So, my f-up phone story continues..... Surprisingly I was able to get back online Monday, no more error message! Then halfway through Tuesday, there it is again...vehicle in use.... After a few emails to support I went ahead and reloaded all my info into my dashboard. Got the OK that all info looks good but STILL error message. So I reset, restarted and now location service won't turn on...WTF. I requested a new phone but who knows when that will get here. Going to try and get old one working as long as I can till new one. Any idea why location service won't turn on..? Is it possible that Uber regulates how many of us are out at one time. Maybe a random temporary deactivation of sorts???


----------



## LaUbah (Jul 19, 2014)

I've had that "Error: vehicle in use" a couple of times. It's Uber's software glitch. After losing an entire day waiting for Uber support to write me back, I noticed that they have the "urgent support" link in the automated response they sent you when you write in. They actually took care of it fairly quickly, once I used the "urgent support" link and I went into the forms and reported it. They ask you to create a new car profile and re-upload all the supporting documents and usually this takes care of it.


----------



## Ocgirlcc (Jul 16, 2014)

Saturday night right about when it starts really picking up I come off my break and let my first request time out since the rating was a little low. Kicked offline and then got this error message when trying to get back on. Tried the hard reset and sign out/in just in case, no luck. Sent them an email marked urgent and am now wondering what to do with my night since I'm not active on lyft yet and only have sidecar. I'm in OC so the chances of getting a sidecar request is slim to none. JOY!


----------



## UberComic (Apr 17, 2014)

Ocgirlcc said:


> I'm in OC so the chances of getting a sidecar request is slim to none. JOY!

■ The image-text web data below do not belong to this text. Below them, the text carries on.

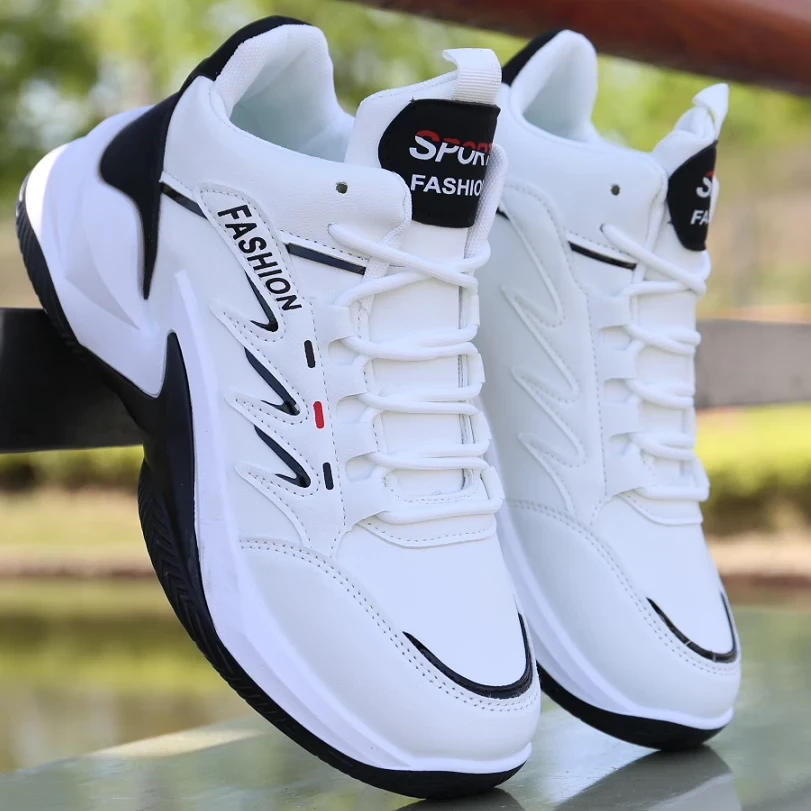 鞋子男款爆款2025新款夏季男士皮面防水运动鞋防滑耐磨休闲跑步鞋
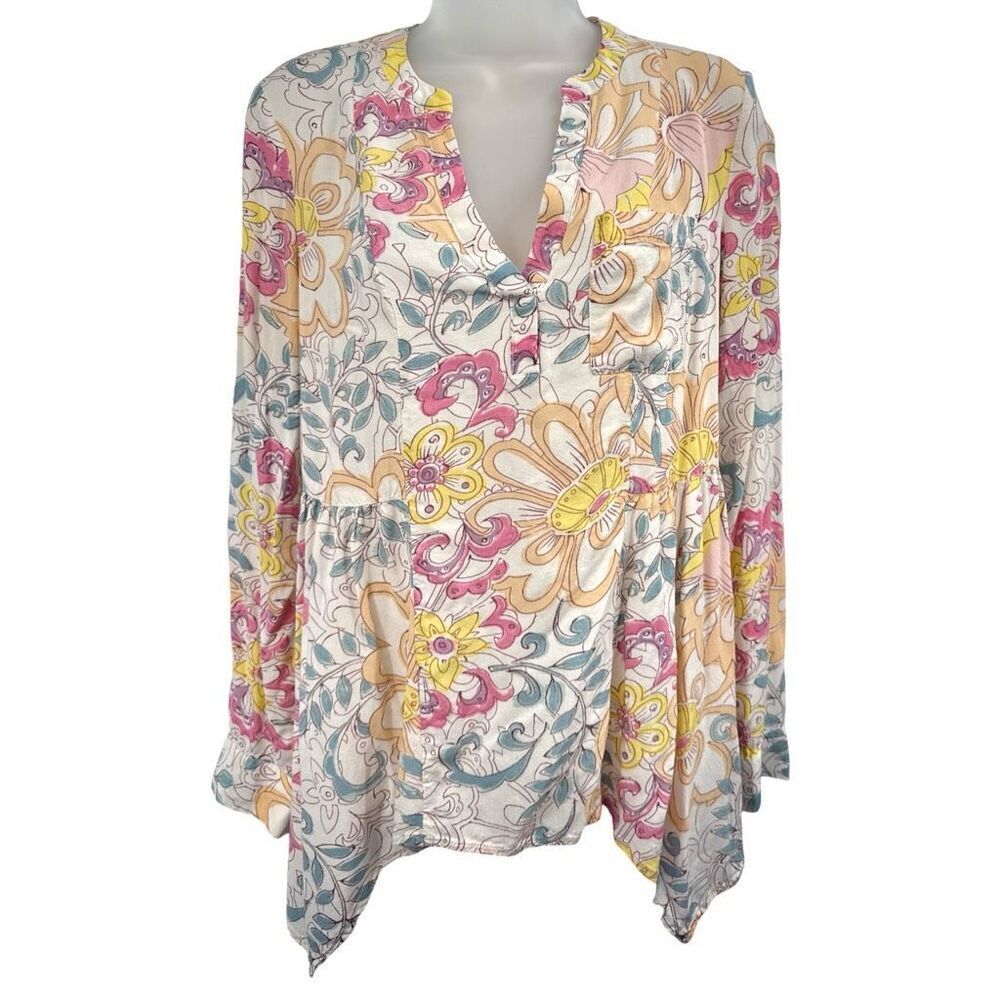 Maeve Anthropologie Floral Boho Top Blouse Shirt Womens Size 2 Long Sleeve Rayon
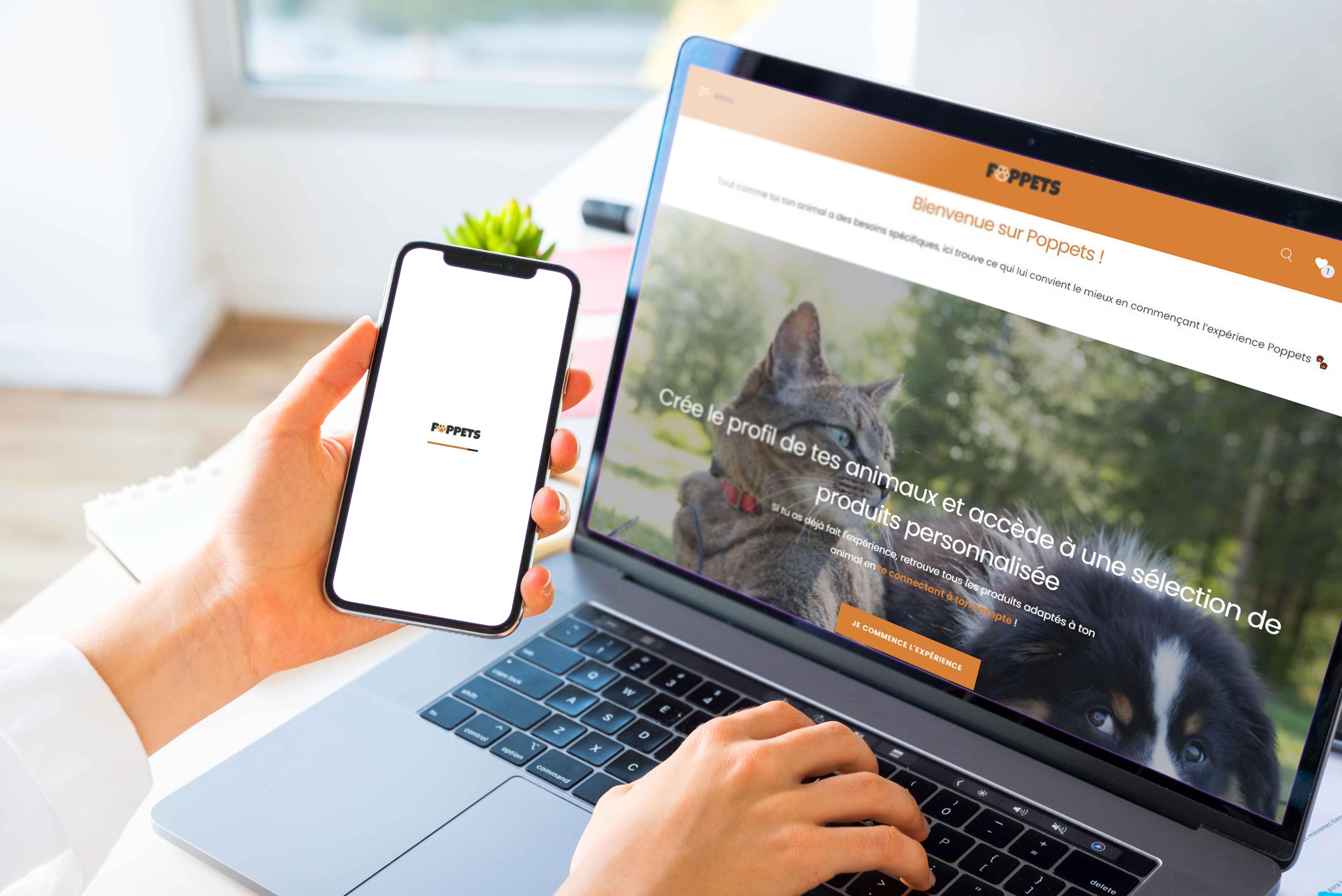 Présentation du site Poppets sur ordinateur et téléphone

If you're anywhere in this dimension the chances of getting a Sidecar request are slim to none.


----------



## Ocgirlcc (Jul 16, 2014)

Bored while waiting so I did the software update the phone needed and now I can log in. No email or text from Uber (and I had also used their urgent form) so I'm not sure if they did anything. And it's 2x surge!! Let's do this!!! Lol


----------



## LuLu (Jun 27, 2014)

Ocgirlcc said:


> Bored while waiting so I did the software update the phone needed and now I can log in. No email or text from Uber (and I had also used their urgent form) so I'm not sure if they did anything. And it's 2x surge!! Let's do this!!! Lol


Good luck you all, it took me a week to get new phone after rebooting, and uploading new car info. Took several desperate emails and finally got new phone about 7 days later.


----------



## Luis G (3 mo ago)

2022 update: so I was getting this error message too and I called Uber Eats Support and nobody knew what was the reason! I kept getting transferred to one department to the next department. I found out that if you receive this error message it is because you have a balance due on either a Uber eats account or a driver account as a rider or customer. That is what the Uber office told me. I paid my balance and maybe a few hours later the error message went away. 🙏🏼 Hoped this helped cause I know i was hella confused.


----------



## Atavar (Aug 11, 2018)

Also, check your bank information. Not real likely but someone might have halfway hijacked your account.


----------